Pictures with short captions
━━━━━━━━
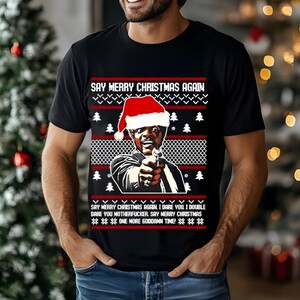 May include: Black t-shirt with a Christmas sweater design. The design features a man wearing a Santa hat, holding a gun, and the text "SAY MERRY CHRISTMAS AGAIN." Additional text reads "I dare you... one more goddamn time!"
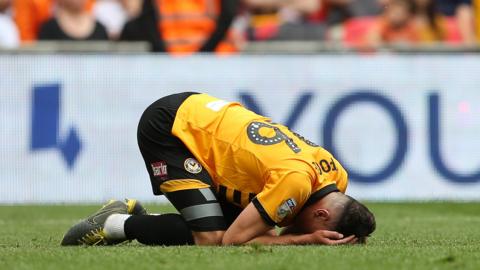 Newport defender Regan Poole is distraught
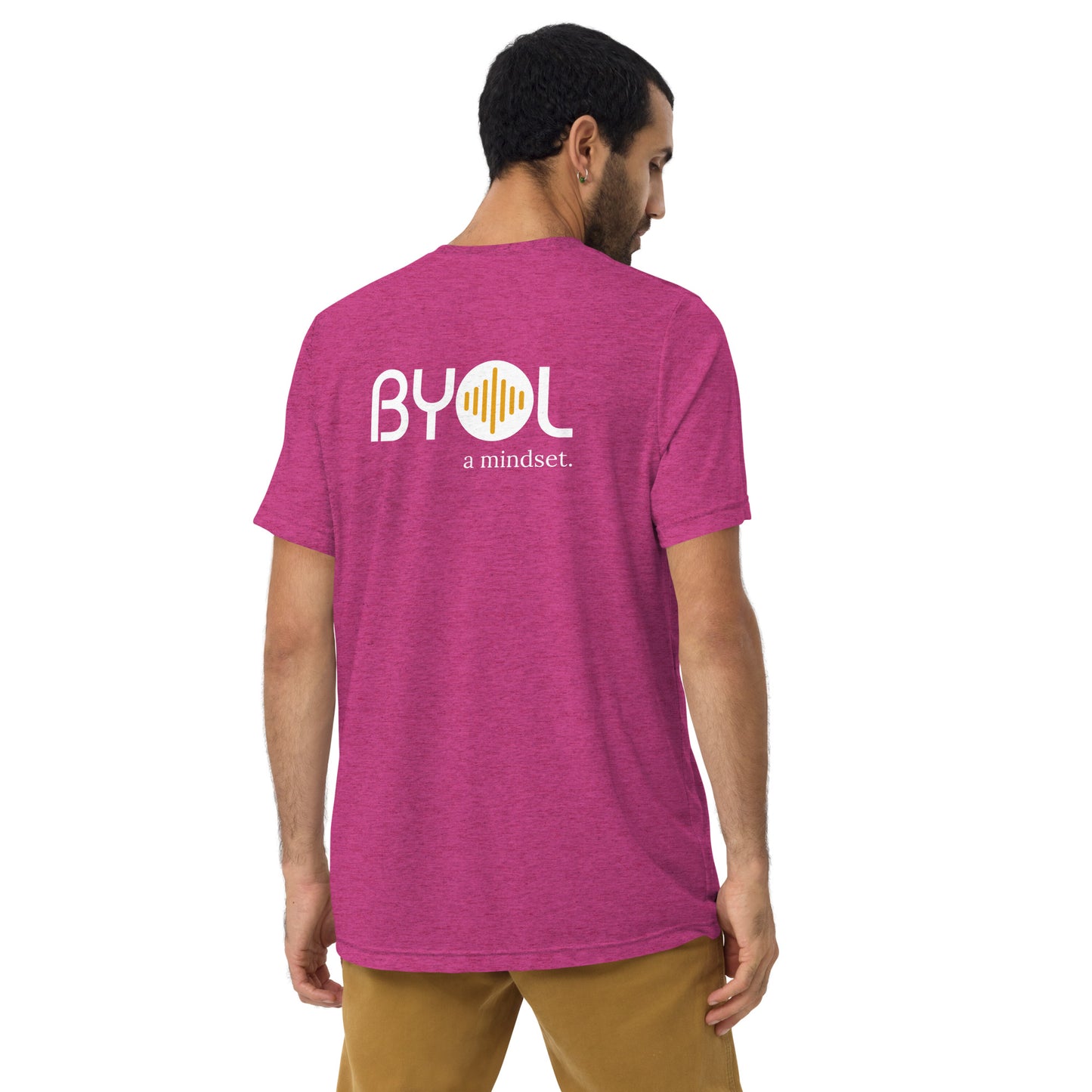 A young man with short dark hair wearing a berry tri-blend "BYOL: a mindset" T-shirt, viewed from the back. The T-shirt features the "BYOL" logo in white and yellow on the back and is available in multiple colors (black, red, gray, pink, beige, plus more) and sizes (S-3XL). The "be you out loud" logo is displayed at the top.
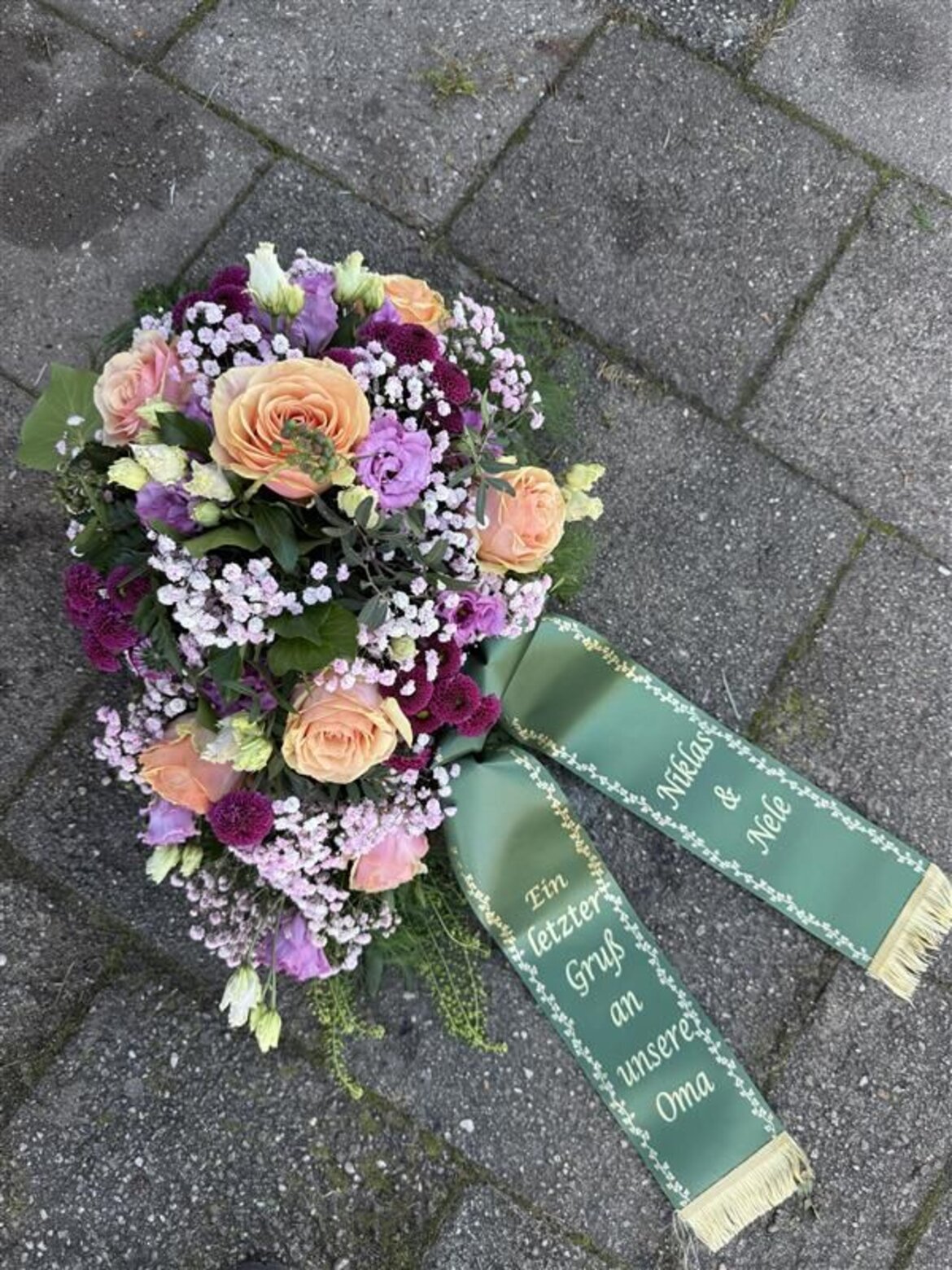 Ein buntes Grabgesteck mit Rosen, Nelken und Schleierkraut liegt mit grünem Schleifenband auf grauen Pflastersteinen. | © Madeleine Liedke 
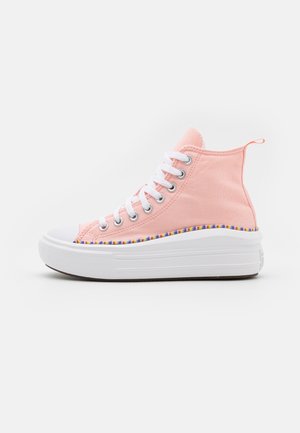 Høj sko i pink lærred med hvide snørebånd, tyk hvid sål og flerfarvet stribe over sålen.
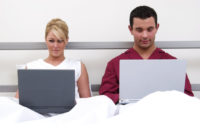 Modern Communication Couple on laptops in bed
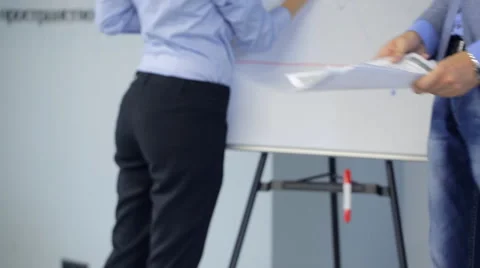 Office workers prepare for presentations to management, distribute documents and Vídeo Stock 65743968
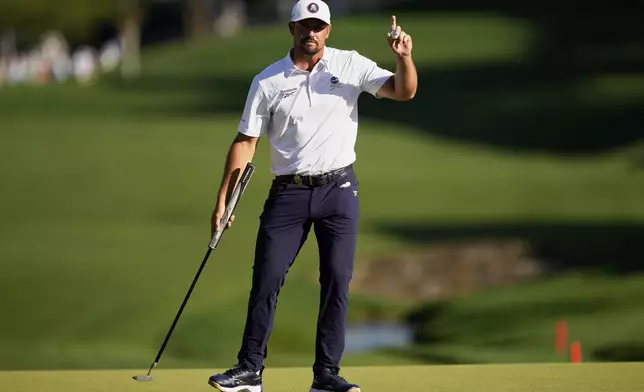 Bryson DeChambeau waves on the 18th hole during the third round of the PGA Championship golf tournament at the Quail Hollow Club, Saturday, May 17, 2025, in Charlotte, N.C. (AP Photo/Matt York)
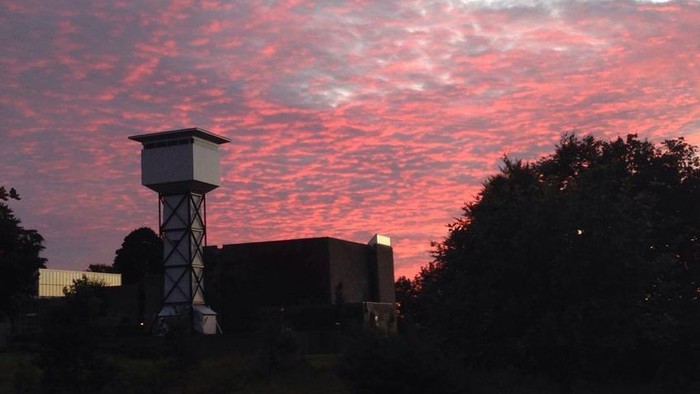 En aftenhimmel med lyserøde skyer over en kirkebygning og kirketårn.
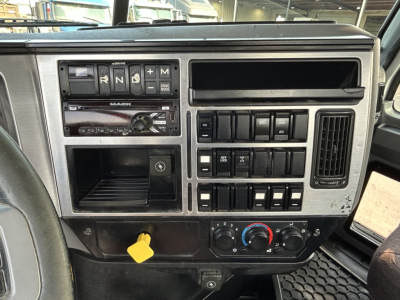 Dashboard of a 2020 Mack GR64B mixer showing gear selector, control switches, vents, and yellow power knob.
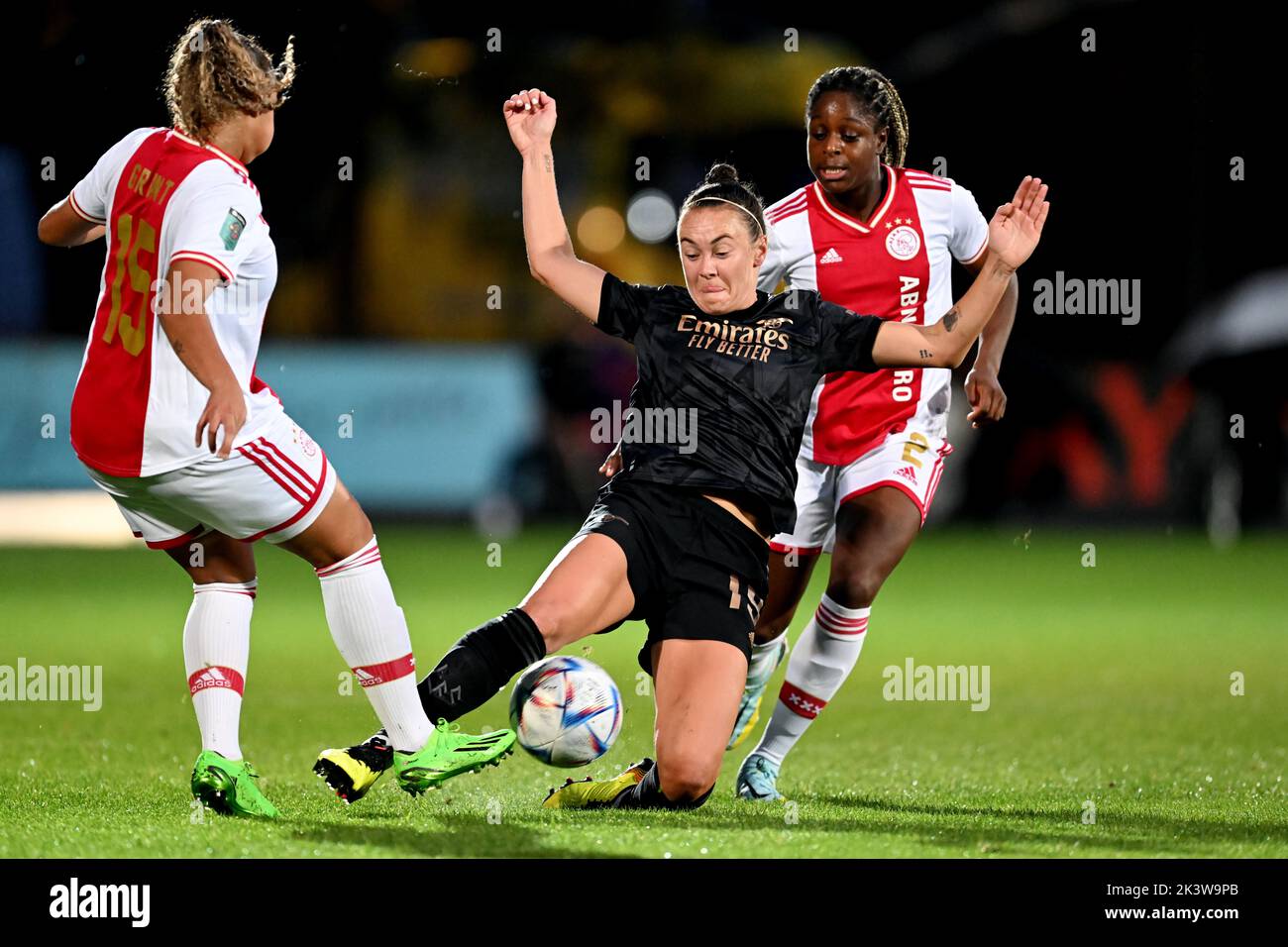 AMSTERDAM - (lr) Caitlin Foord of Arsenal WFC, Liza van der Most of Ajax women during the UEFA Champions League women's match between Ajax Amsterdam and Arsenal FC at De Toekomst sports complex on September 28, 2022 in Amsterdam, Netherlands. ANP GERRIT VAN COLOGNE Stock Photo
━━━━━━━━
◆ **THE PROBLEM**: Retype the data above as given, letting no picture into the copy.

◆ **RESPONSE TO THE EXERCISE**:
 May include: Black t-shirt with a Christmas sweater design. The design features a man wearing a Santa hat, holding a gun, and the text "SAY MERRY CHRISTMAS AGAIN." Additional text reads "I dare you... one more goddamn time!"
 Newport defender Regan Poole is distraught
 A young man with short dark hair wearing a berry tri-blend "BYOL: a mindset" T-shirt, viewed from the back. The T-shirt features the "BYOL" logo in white and yellow on the back and is available in multiple colors (black, red, gray, pink, beige, plus more) and sizes (S-3XL). The "be you out loud" logo is displayed at the top.
 Ein buntes Grabgesteck mit Rosen, Nelken und Schleierkraut liegt mit grünem Schleifenband auf grauen Pflastersteinen. | © Madeleine Liedke 
 Høj sko i pink lærred med hvide snørebånd, tyk hvid sål og flerfarvet stribe over sålen.
 Modern Communication Couple on laptops in bed
 Office workers prepare for presentations to management, distribute documents and Vídeo Stock 65743968
 Bryson DeChambeau waves on the 18th hole during the third round of the PGA Championship golf tournament at the Quail Hollow Club, Saturday, May 17, 2025, in Charlotte, N.C. (AP Photo/Matt York)
 En aftenhimmel med lyserøde skyer over en kirkebygning og kirketårn.
 Dashboard of a 2020 Mack GR64B mixer showing gear selector, control switches, vents, and yellow power knob.
 AMSTERDAM - (lr) Caitlin Foord of Arsenal WFC, Liza van der Most of Ajax women during the UEFA Champions League women's match between Ajax Amsterdam and Arsenal FC at De Toekomst sports complex on September 28, 2022 in Amsterdam, Netherlands. ANP GERRIT VAN COLOGNE Stock Photo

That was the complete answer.